Ninety-five people died in a crush at a soccer match at Hillsborough stadium, in Sheffield, England, in 1989.
The New Yorker had a fascinating article by John Seabrook about crowd control, crowd deaths, and crowd psychology. What I found most chilling was the description of what actually physically happens when you are in a dense crowd.
In fact, a crowd is most dangerous when density is greatest. The transition from fraternal smooshing to suffocating pressure—a “crowd crush”—often occurs almost imperceptibly; one doesn’t realize what’s happening until it’s too late to escape. Something interrupts the flow of pedestrians[....] At a certain point, you feel pressure on all sides of your body, and realize that you can’t raise your arms. You are pulled off your feet, and welded into a block of people. The crowd force squeezes the air out of your lungs, and you struggle to take another breath.

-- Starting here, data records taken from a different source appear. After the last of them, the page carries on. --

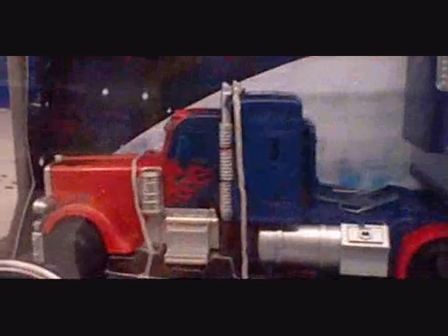Check it out — Optimus Prime from the Movie Trilogy series, featuring a deluxe-sized Optimus with his trailer. Looks pretty cool.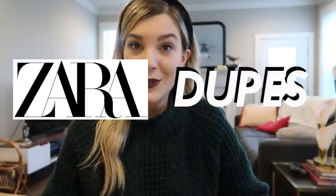Hi friends! Welcome back to the TaylorMadeStyle channel. Thanks for tuning in today — I'm so happy you're here. Today we are going thrifting together for fall and winter Zara dupes.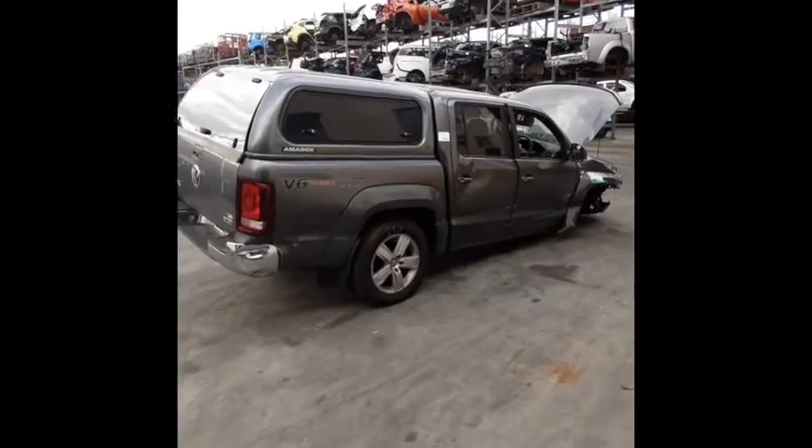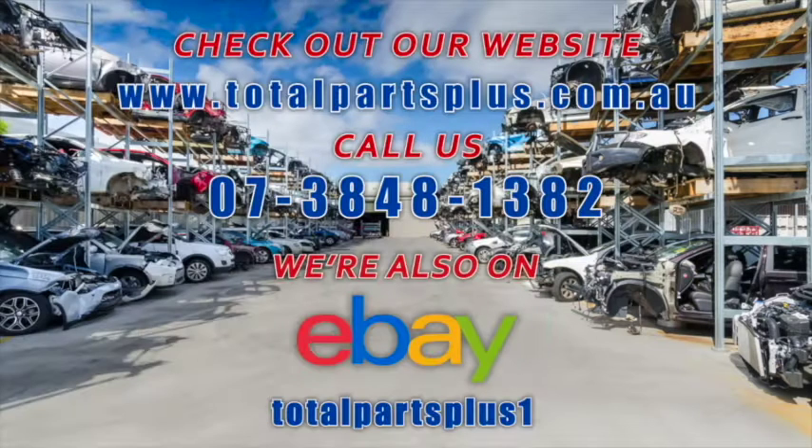I'm Chris from Total Parts Plus and I'd like to thank you for watching this video.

John Fruin, a retired research engineer with the Port Authority of New York and New Jersey, is one of the founders of crowd studies in the U.S. In a 1993 paper, “The Causes and Prevention of Crowd Disasters,” he wrote, “At occupancies of about 7 persons per square meter the crowd becomes almost a fluid mass. Shock waves can be propagated through the mass sufficient to lift people off of their feet and propel them distances of 3 m (10 ft) or more. People may be literally lifted out of their shoes, and have clothing torn off. Intense crowd pressures, exacerbated by anxiety, make it difficult to breathe.” Some people die standing up; others die in the pileup that follows a “crowd collapse,” when someone goes down, and more people fall over him. “Compressional asphyxia” is usually given as the cause of death in these circumstances.